CS1 = MEDIPS.couplingVector(pattern = "CG", refObj = WT_Input)
mr.edgeR = MEDIPS.meth(MSet1 = WT_5mC, MSet2 = LshKO_5mC, CSet = CS1, ISet1 = WT_Input , ISet2 = LshKO_Input, p.adj = "bonferroni", diff.method = "edgeR", MeDIP = T, CNV = T, minRowSum = 10)
I got this error :
Creating results table...
Adding differential coverage results...
Adding CNV results...
Error in cnv.combined[i, 1]:cnv.combined[i, 2] : NA/NaN argument
In addition: Warning messages:
1: In MEDIPS.rms(MSet1[[i]], CSet, ccObj = ccObj) : NaNs produced
2: In MEDIPS.rms(MSet2[[i]], CSet, ccObj = ccObj) : NaNs produced
What does this error means? If I run function MEDIPS.meth with "CNV = F" jsut to get differntial methylation profiles then it's coming fine. But how to get CNVs?

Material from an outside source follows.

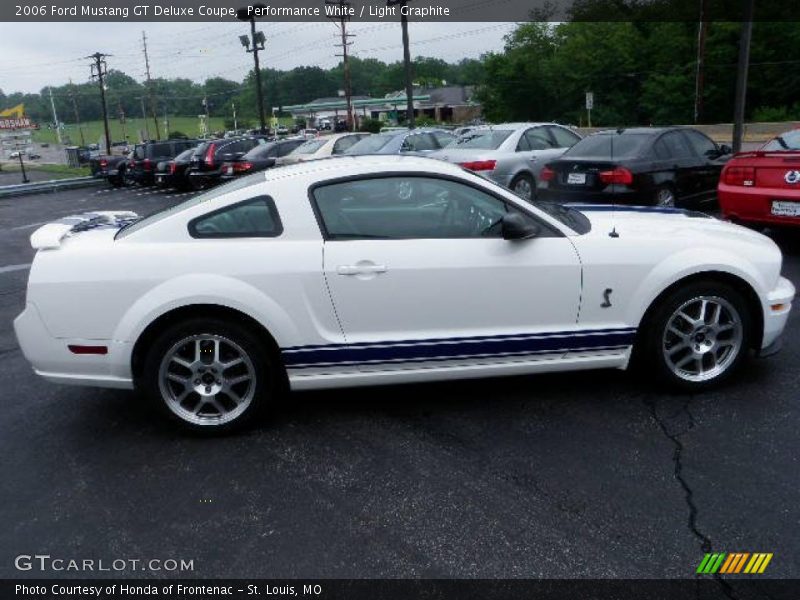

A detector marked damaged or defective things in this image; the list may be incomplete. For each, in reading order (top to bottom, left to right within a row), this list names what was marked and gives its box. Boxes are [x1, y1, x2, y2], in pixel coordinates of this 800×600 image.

crack in pavement [640, 394, 740, 600] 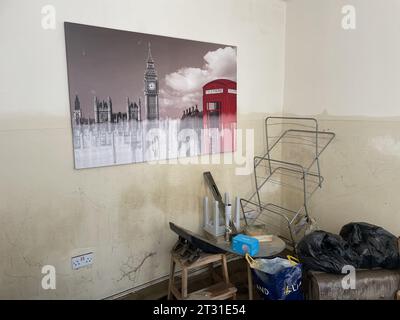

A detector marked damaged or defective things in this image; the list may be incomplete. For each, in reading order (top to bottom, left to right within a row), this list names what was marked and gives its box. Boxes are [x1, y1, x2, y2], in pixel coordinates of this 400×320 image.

water-damaged wall [0, 0, 288, 298]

Please help me out. Thank you :)
Hi Matthias,
Thanks a lot. It worked the way you told me. Sub-setting the chromosome set using -> chr.select=paste0("chr",c(1:19,"X",Y")) was the thing that was needed. Now MEDIPS.meth is also working with 'CNV = T'.
Can MEDIPS be used to get CNVs for one MSet say MSet1 ? :
mr.edgeR_LshKO = MEDIPS.meth(MSet1 = LshKO_5mC, CSet = CS1, ISet1 = LshKO_Input, p.adj = "bonferroni", diff.method = "edgeR", MeDIP = T, CNV = T, minRowSum = 10)
Running this above commands throws error : Cannot perform CNV analysis- please specify two groups of INPUT SETs!
Probably I'm not getting how CNVs' log2 ratios are calculated.
Regards,
Anupriya
Hi Anupriya,
within MEDIPS, the calculation of CNV works by comparing the local coverage of the input sample(s) that contain CNVs (ISet2) to the control input sample(s) (ISet1). Therefore it is required to specify both sets.
However, probably the read coverage is not sufficient to run the CNV detection on 100 base windows. Typical values for the CNV analysis would be 100000 to 1000000 base windows. In MEDIPS, this would be done by initially specifying CNV=FALSE, and than use MEDIPS.addCNV().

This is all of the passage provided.